When African American citizens founded the St. James African Methodist Episcopal
(AME) Church in Helena, Montana, in 1888, their population topped 250 people in a city of roughly 12,000 souls. Located in Helena’s eastside residential district on 114 N. Hoback, the church building rested on a limestone foundation and featured a two-story steeple. Church members organized a Sabbath school, literary society, a women’s benevolent society, a theatrical troupe, a baseball team, and a band. It was the only African American church congregation in Helena, until 1910, when Baptists established a church.
It was part of the Colorado Conference of AME churches, which included congregations in Montana, Utah, New Mexico, Colorado, and Wyoming. St. James hosted the annual conference meeting in 1894, with pastor Rev. J.P. Watson welcoming pastors and congregants from Great Falls, Anaconda, and Butte in the state and dozens of out-of-state representatives. Northern Pacific Railroad offered a discounted fare for all AME representatives who attended the conference.

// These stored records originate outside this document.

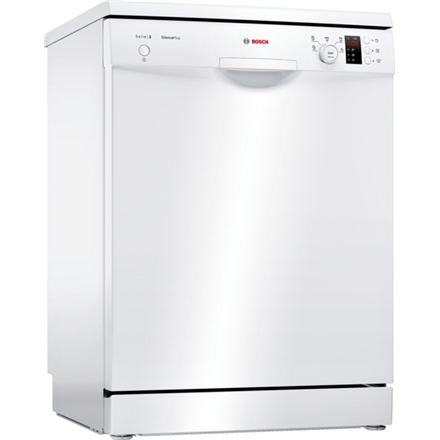 Bosch Dishwasher | SMS25AW05E | Free standing | Width 60 cm | Number of place settings 12 | Number of programs 5 | Energy efficiency class E | Display | AquaStop function | White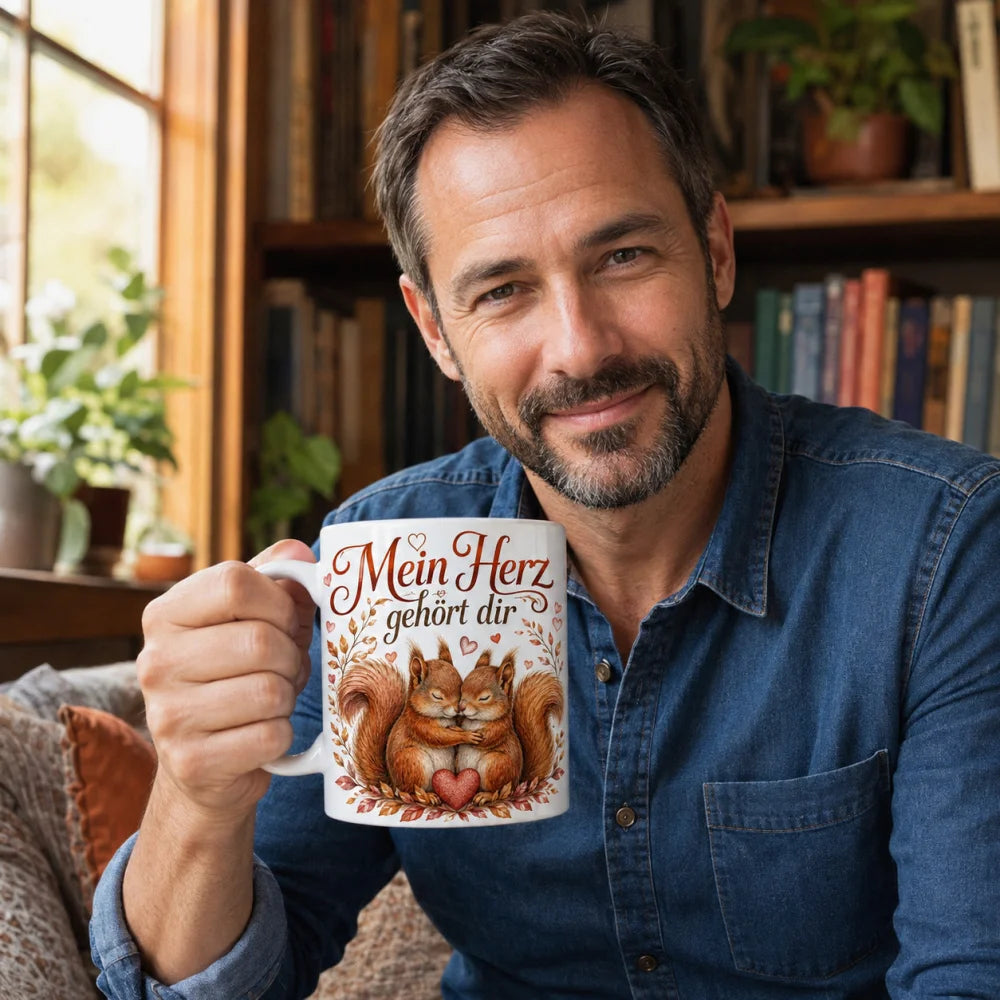Eichhörnchen-Tasse mit Liebesspruch - Geschenk für Partner weiß 330 ml - WS-Trend.de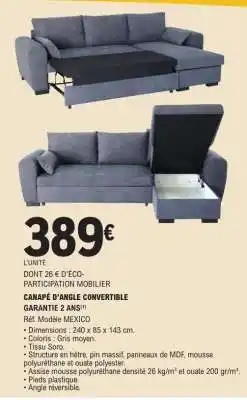 E.Leclerc Canapé d'angle convertible offre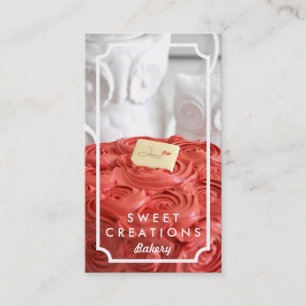 Cartes de visite élégants de boulangerie de gâteau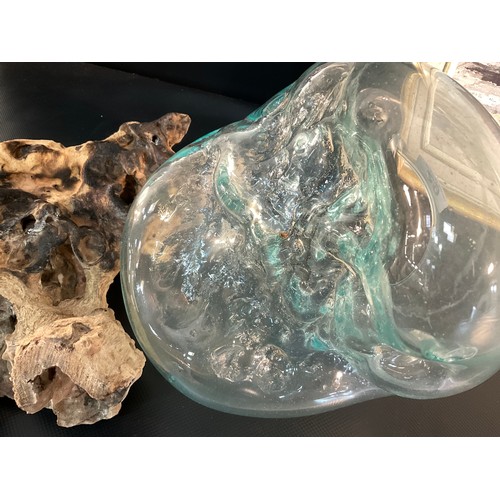 29 - DRIFTWOOD AND GLASS BOWL ORNAMENT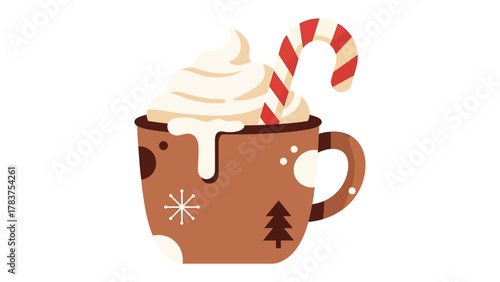 Festive Hot Chocolate Delight: A beautifully crafted illustration of a festive mug filled with warm hot chocolate, topped with whipped cream and a candy cane, evoking a sense of cozy holiday cheer.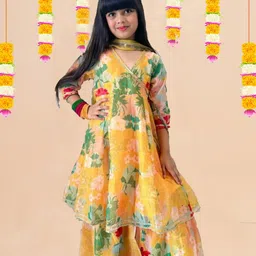 NKV Girls Floral Printed Regular Thread Work Kurta with Sharara & With Dupatta-picture-7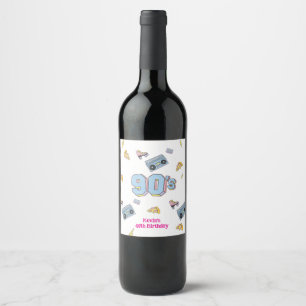 Etiqueta Para Botella De Vino Etiqueta de regalo de cumpleaños del tema de Funky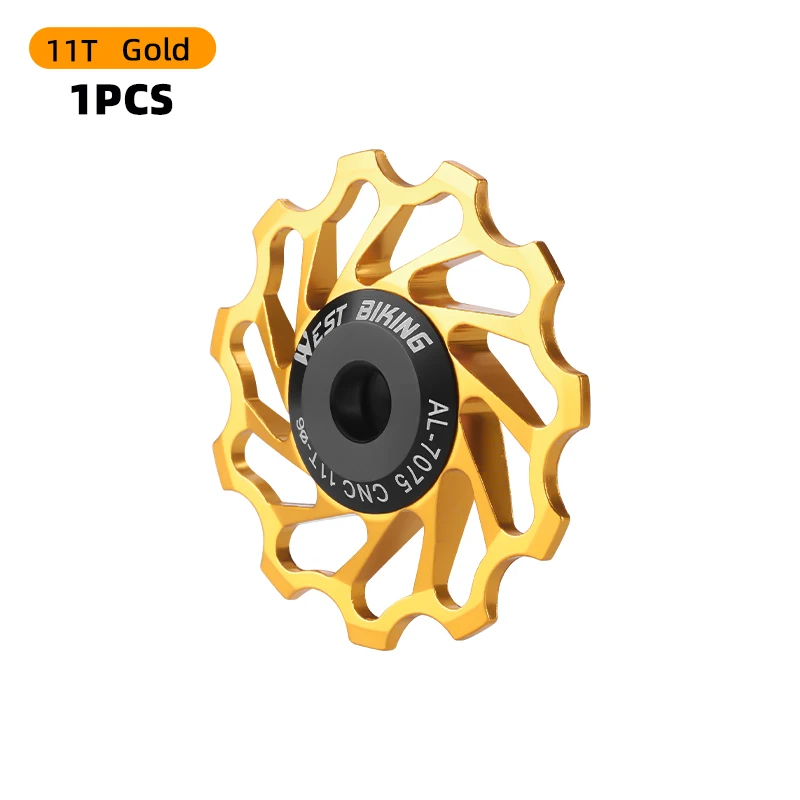 WEST BIKING Aluminum Alloy Bicycle Jockey Wheel with Ceramic Bearings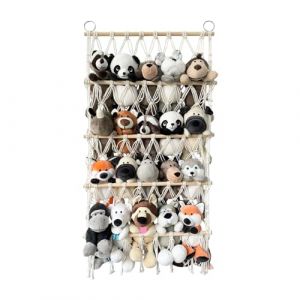 Filet De Rangement Pour Jouets En Hamac &ndash; Rangement Pour Animaux En Peluche | Hamac Jouet 4 Couches, Filet En Peluche Mural | Organisateur De Jouets En Macram&eacute; | Hamac R&eacute;glable En Hauteur Pour Chambre (wudbace, neuf)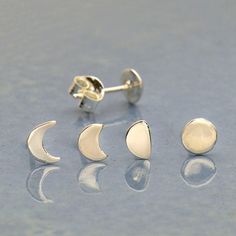 Sterling Silver Moon Phase Post Earring Set - Poppies Beads n' More Phase Of The Moon, Waning Moon, 4 Earrings, Earrings Moon, Phases Of The Moon, Moon Studs, Tiny Studs, Tiny Stud Earrings, Stud Set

For more than four decades, St. James was the center of social and cultural life for African Americans in Helena. Nearly every important social, cultural, political, and self-help organization created by African Americans in Helena had its origin at St. James, including: Afro-American Building Association, to aid business development; Afro-American Benevolent Association, a Masonic group devoted to building a hall; and the Afro-American Protective League and the Afro-American Council, two groups focused on defending local people from discrimination and protesting lynchings in the American South. The St. James Literary Society reached well beyond the congregation and attracted whites to some public meetings, including one in 1907 that focused on the Brownsville Affair and debates on the effects of African American slavery, and the relative prosperity of African Americans who lived out of the South compared to populations in the South.
By the late 1920s, Helena’s African American population dwindled, the consequence of poor economic conditions. St. James continued as a congregation into the 1940s, but after World War II it ceased to function. The church building still stands. Remodeled without its steeple, it serves as a private residence.
William L. Lang, “The Nearly Forgotten Blacks on Last Chance Gulch, 1900-1912,” Pacific Northwest Quarterly 70 (April 1979): 50-57; Rex C. Myers, “Montana’s Negro Newspapers, 1894-1911,” Montana Journalism Review 16 (1973): 17-22.